Thought Leadership

Garry Moroney of Clavis Insight on start-up, scale-up and exit

4th June 2018

On 24th May, FirstCapital and Silicon Valley Bank co-hosted a Smarter Connections CEO dinner in Dublin for a group of invited CEOs of high-growth Irish tech companies.

Successful serial entrepreneur Garry Moroney, Founder & CEO of Clavis Insight, which was sold to Ascential in December 2017, gave a great talk on how he founded, scaled and exited two tech companies, with some interesting and valuable insights for CEOs and founders on a similar journey.

GARRY’S STORY

Garry started in the oil business with Schlumberger before moving to McKinsey. He then took the plunge into the tech industry by founding Similarity Systems in 2001, just before the dotcom crash.

Venture capital group Delta Partners invested in Similarity and, as CEO, Garry grew the business rapidly before selling to Informatica in 2006 for $45m. Garry stayed with Informatica for nearly 2 years as General Manager in Data Quality (Products Division), before the entrepreneur bug bit again and he founded Clavis Insights in January 2008.

Clavis developed software which delivers eCommerce Insights and Online Store Audits. Their SaaS intelligence and analytics platform has been used by major consumer companies such as Unilever, Kimberly Clark, General Mills and Barilla to optimise distribution, content integrity and placement in the digital channel.

In December 2017, Clavis was sold to Ascential plc for up to $219m.

A VARIETY OF FUNDING SOURCES

Garry and the team at Clavis used several funding mechanisms during the lifetime of the company. In the early days, to get to a viable product, they accessed the Seed Capital Scheme and funding from Enterprise Ireland. The founding team had a history of success that really helped in raising the early money, and in securing Series A funding from Delta Partners and Scottish Equity Partners. Somewhat later, in October 2013, Unilever joined the investor group as a strategic investor.

As the company grew, Clavis decided to accelerate further with additional growth equity funding. They wanted to source a big-name VC in the USA; and in October 2015, they announced a $20m investment led by Accel KKR. This was followed in December 2016 by a €8m investment by Draper Esprit that also provided some liquidity for early investors.

As well as equity, the company also accessed debt finance from Silicon Valley Bank in 2011 to help fund working capital, which allowed them to broaden their funding sources.

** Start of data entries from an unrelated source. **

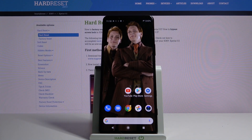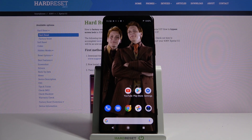Hi, in front of me is Sony Xperia 5.2 and today I would like to show you how you can open apps in split-screen view on this device.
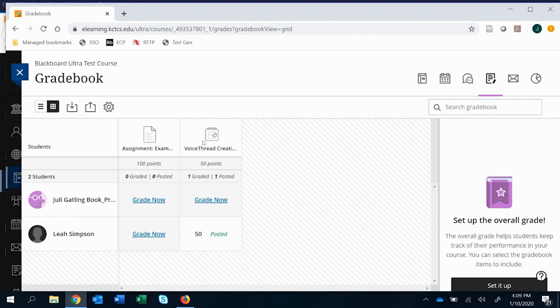But that's essentially how you can create a VoiceThread creation assignment, which in a lot of ways most commonly is a presentation style of the VoiceThread assignment.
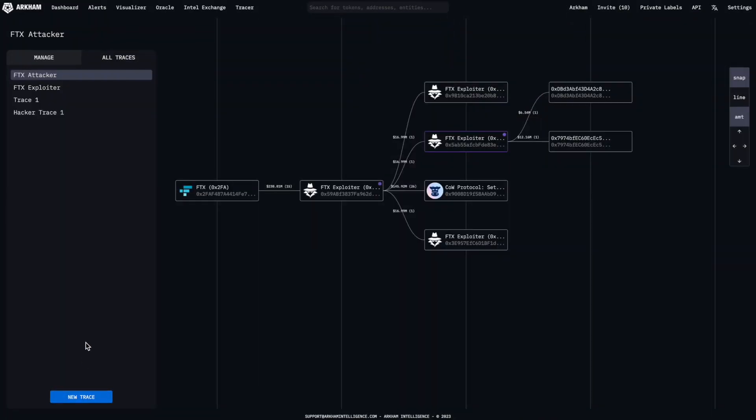Now you know the basics of the Tracer feature. Good luck! We look forward to seeing what you can create.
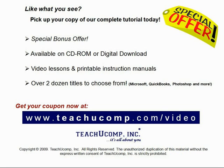Like what you see? Get your special discount offer on the complete tutorial at www.teachucomp.com slash video. Over two dozen titles are available in Microsoft Office, QuickBooks, Photoshop and much more.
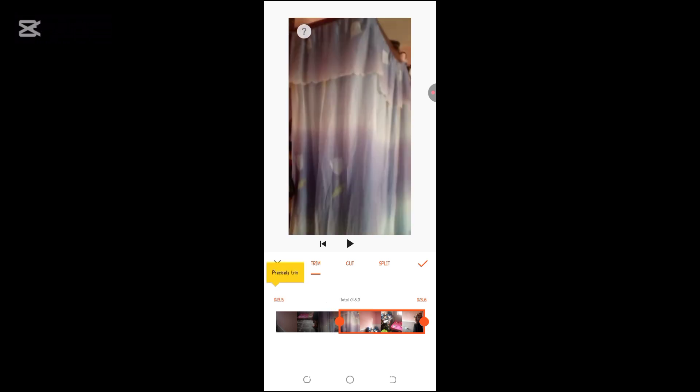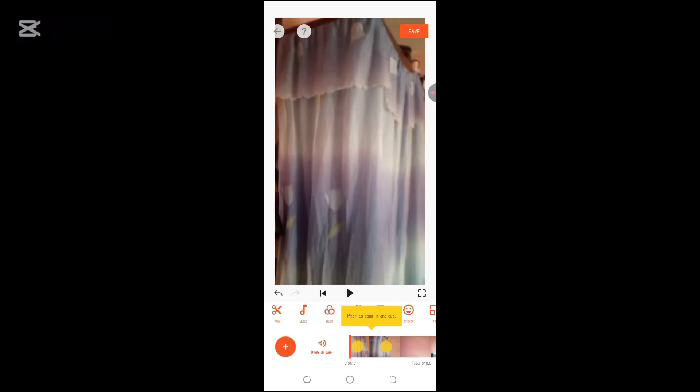it automatically trims it. Click on the check sign and your video has been trimmed.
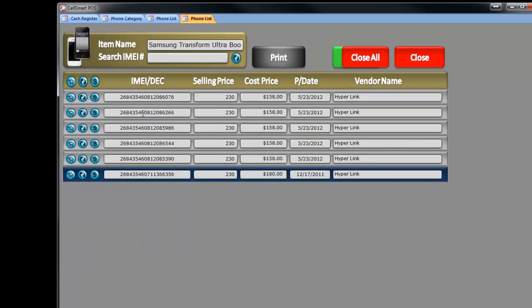If I click on that, I will get a DC number, selling price, cost price, and the date of purchase and where I bought it from.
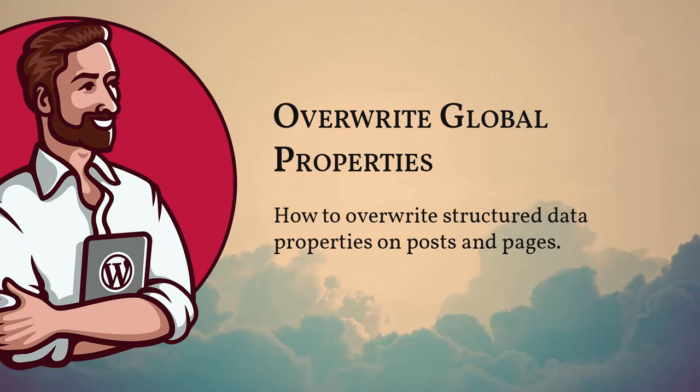In this video, I want to demonstrate how you can overwrite properties from global snippets.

THE VALUE OF A STRATEGIC INVESTOR

There was some concern amongst the team when Unilever came on board as a strategic investor as Unilever was an important customer for Clavis (as were several of Unilever’s competitors). However, they found that having a strong industry partner was very positive, both in terms of future sales and also the introductions into their network that Unilever provided. What was equally important was that the company now had a very large customer with a close relationship, which enabled it to test new features and helped to accelerate product development and adoption.

CHALLENGES AND LESSONS LEARNT

As in all success stories, there were also low points. At one stage, Clavis lost a major customer due to a product issue. At another point, Garry had to make some very tough decisions on the team, which is a very hard thing to do when you have all been on the journey together, but necessary to enable future growth.

Bringing in a CFO who was experienced in dealing with VCs turned out to be a very valuable decision. At the time, Clavis had 4 VCs on the board, who had all been involved for different time periods, and who potentially had diverging aspirations for the company. Having an individual with relevant experience and expertise on the team really helped to keep everyone aligned and informed.

And finally, as with any exit, the relationship with the buyer is key. Clavis had been developing a partnership with Ascential for a while, and the value proposition was clear. Although they did run a process and explore other options, not least to ensure that the deal got done in a timely manner, Ascential was the obvious and most motivated buyer. There is a great fit between the two businesses, which bodes well for the future success of the deal.